The Mallards may not have many more than 1,500 inside the arena for their first ECHL home playoff game against the Fort Wayne Komets on Wednesday night.
They finished 15th in the 27-team league in attendance this season with an average of 3,928 fans per game, down slightly from a year ago but not too far off the league average of 4,252.
For nearly every game this season, part of the upper deck of the iWireless Center has been cordoned off with curtains, reducing the seating capacity to 5,100.
It’s not that the team is horrible (although it has dug an 0-2 hole in this playoff series) and there’s nothing wrong with the way it is being marketed. The current owners seem to know what they’re doing.
But those giddy days of the late 1990s aren’t ever coming back. It was one of those lightning-in-a-bottle, perfect storm sort of scenarios concocted from ingredients that can’t be replicated.
One part of the equation was the novelty of having minor league hockey here. Most people in the Quad-Cities hadn’t seen a hockey game before 1995.
When we suddenly got a franchise in the old CHL, many people bought a ticket just to see what this was about.
It probably helped that most local fans didn’t know a hockey puck from Wolfgang Puck because the level of play in that league was far below what we now see in the ECHL. There weren’t legitimate NHL prospects in the old CHL, which later became the United Hockey League, and at times the games took on almost a pro wrestling feel. There were lots of fights.
Mallards defenseman Kerry Toporowski recorded 413 penalty minutes in the 2000-01 season. The ECHL leader this season had 274.
Familiarity was part of the early Mallards phenomenon, too. Because the players had no chance of ever sniffing the NHL, many of them spent six or seven years here and were very accessible. That added to the appeal.

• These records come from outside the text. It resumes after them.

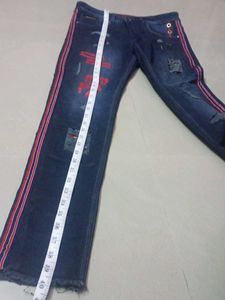 Distressed Graphic Jeans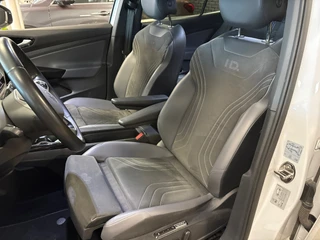 Volkswagen ID.5 Pro 77 kWh / Soh 95,2 / warmtepomp / trekhaak / head up / memory / carplay / 16
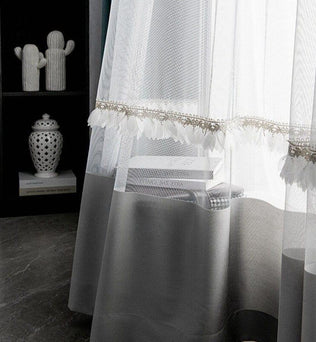 Rideau élégant avec bordure décorative de plumes, idéal pour un salon moderne. Design raffiné avec détails soigneusement travaillés, apportant une touche de sophistication à votre intérieur.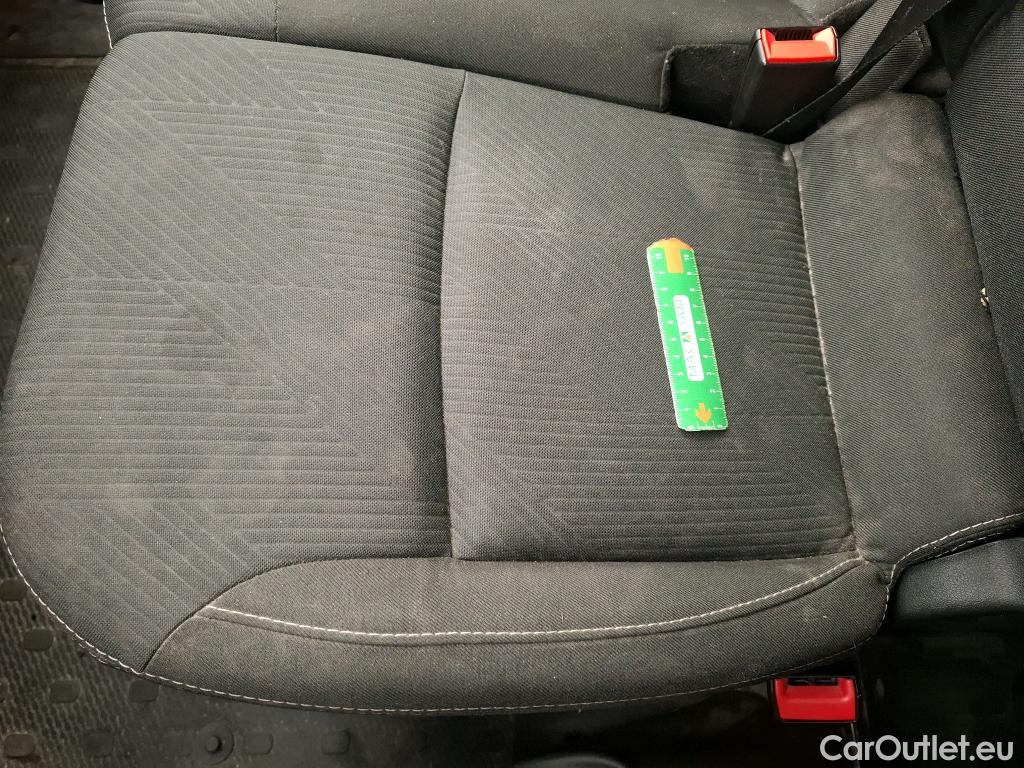  Renault  Trafic RENAULT  / 2021 / 4P / Fourgon tôlé FG GCF L2H1 3T Blue dCi 150 EDC #14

There also was a familiarity with the opponents. There were only nine teams in the CHL when the Mallards debuted in 1995 so they were playing the same clubs over and over. The fans didn’t just come out to cheer Glenn Stewart and Hugo Proulx but also to boo the Muskegon Fury and to vilify a Flint team they derisively called the Genitals. People such as Flint coach Robbie Nichols and Muskegon star Robin Bouchard also had a WWE type knack for inciting opposing crowds.
The biggest ingredient in the box office success of those teams, however, was that they won almost every night. The Mallards set a record by becoming the first pro hockey franchise at any level to win 50 or more games six years in a row. They won championships in 1997, 1998 and 2001.
All of it blended together to make going to Mallards games the thing to do. The crowds were huge, the games entertaining, the atmosphere unbelievably energetic. It was the hottest ticket in town.
It never will be like that again.
The only part of the equation that the current team has any chance of replicating is the team success. The Mallards aren’t doing a bad job there although they’re certainly not winning at the level that they did from 1996-2002. They were 40-28-2-2 this season.
It’s tougher, too, because there is more parity in the ECHL than in the old CHL or UHL. The winningest team in the league this season, the Toledo Walleye, won 51 games.
But it apparently is still possible to draw good crowds for minor league hockey. Toledo and Fort Wayne both averaged more than 7,000 fans per game.
We’re never going to see crowds of 9,000 on a regular basis any more, but if the Mallards can win a few more games and maybe win a championship one of these years, maybe they can at least remove those curtains from the upper deck.